* Data

- - -

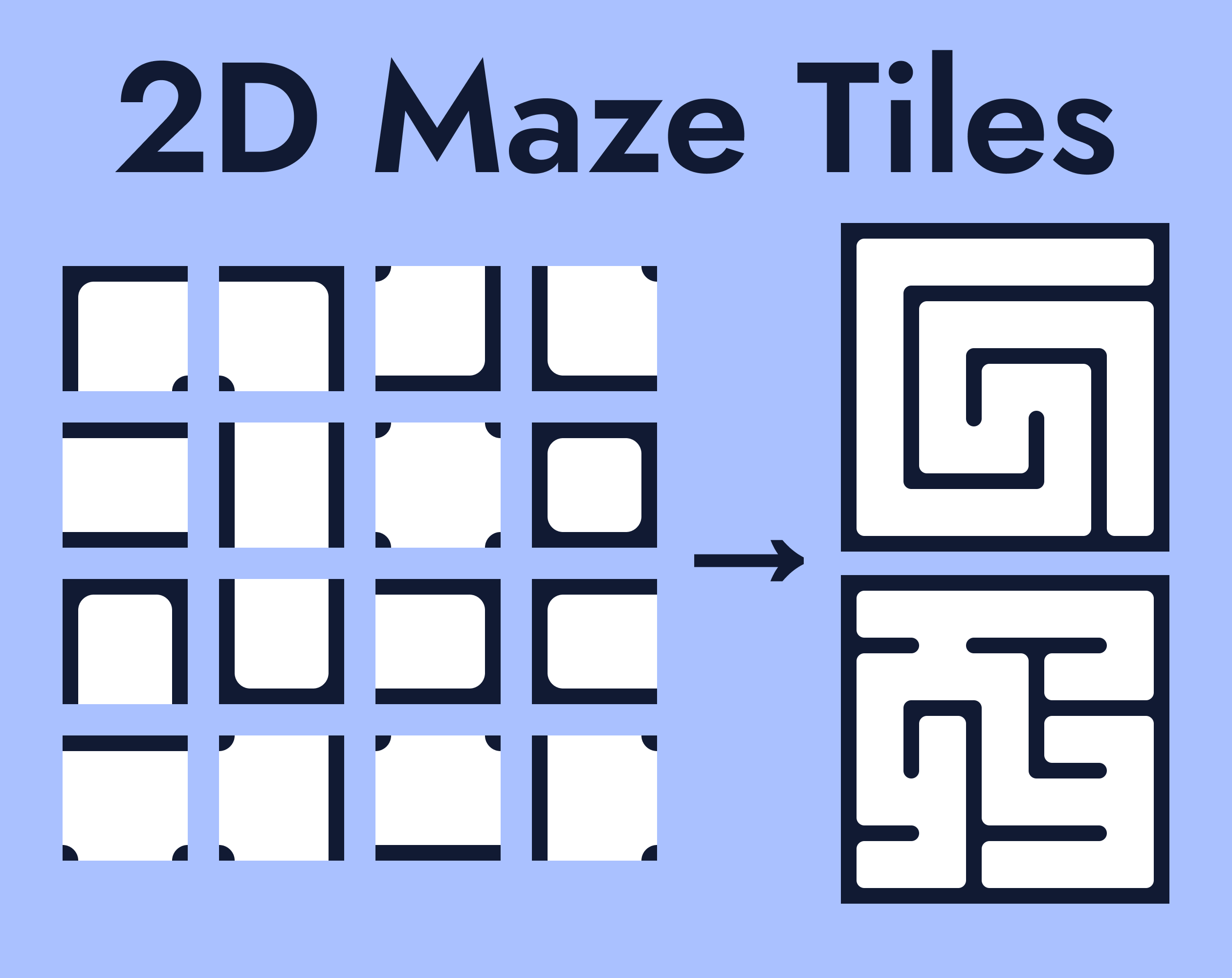 2D Maze Tiles by mapsandapps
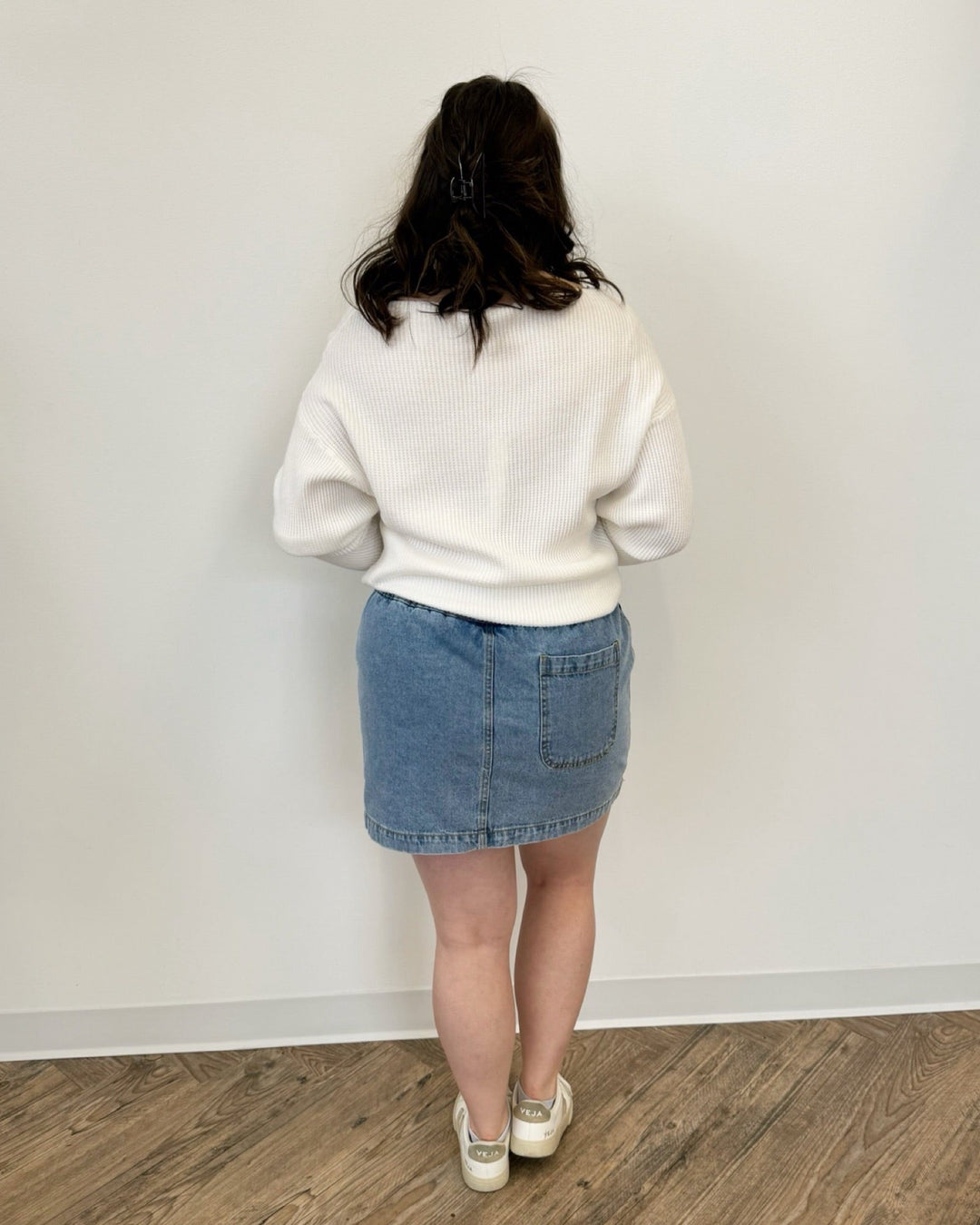 Barletta Denim Mini Skortskirt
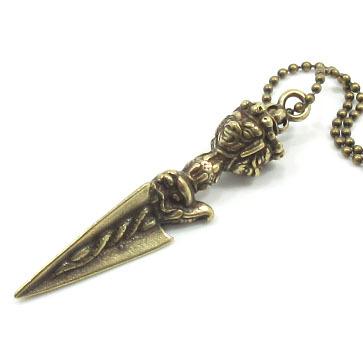 チベット密教 法具 プルパ 独鈷杵 ストラップ アクセサリー 金剛杵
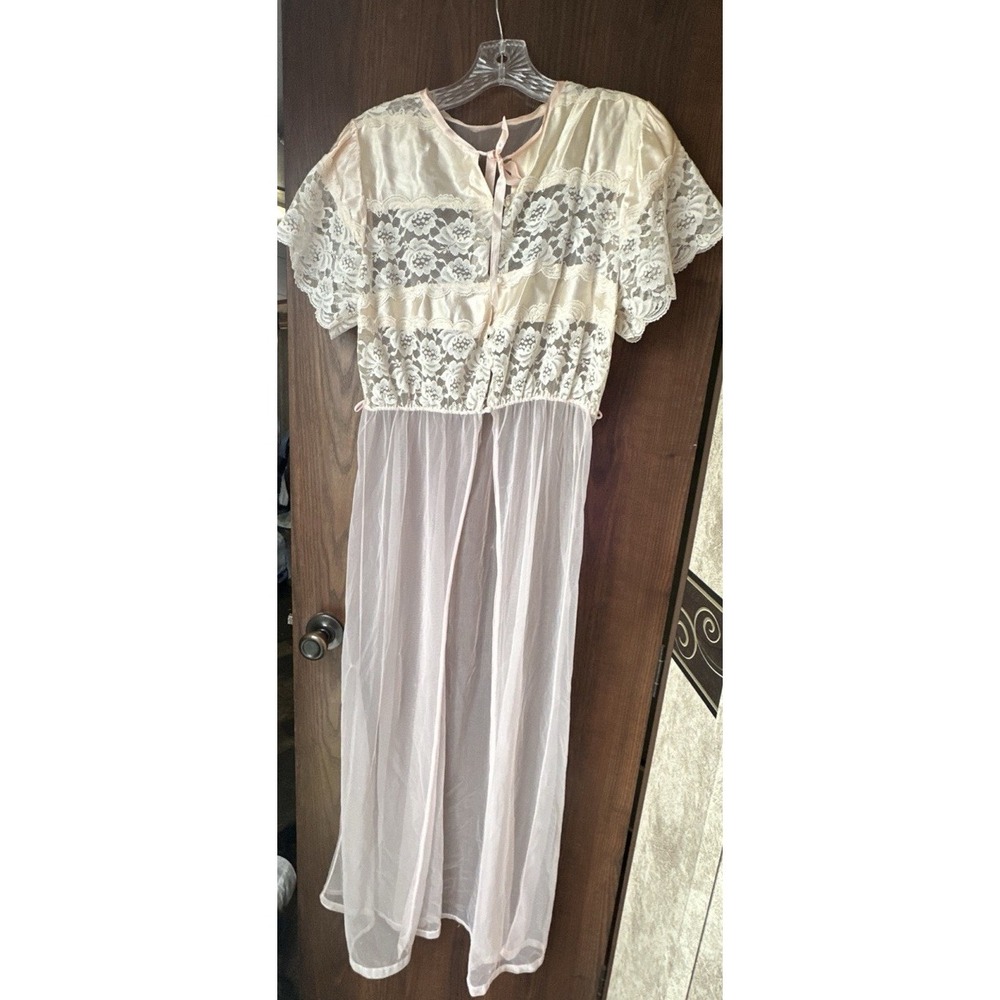 Vintage Robe Lingerie, " Undercover Wear"Brand, Small No Tag, No Tie - Picture 2 of 7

- - -

* Task directions
What is needed here is each line above set down word for word, minus the images.

* Result of the exercise
 2D Maze Tiles by mapsandapps
 Barletta Denim Mini Skortskirt
 チベット密教 法具 プルパ 独鈷杵 ストラップ アクセサリー 金剛杵
 Vintage Robe Lingerie, " Undercover Wear"Brand, Small No Tag, No Tie - Picture 2 of 7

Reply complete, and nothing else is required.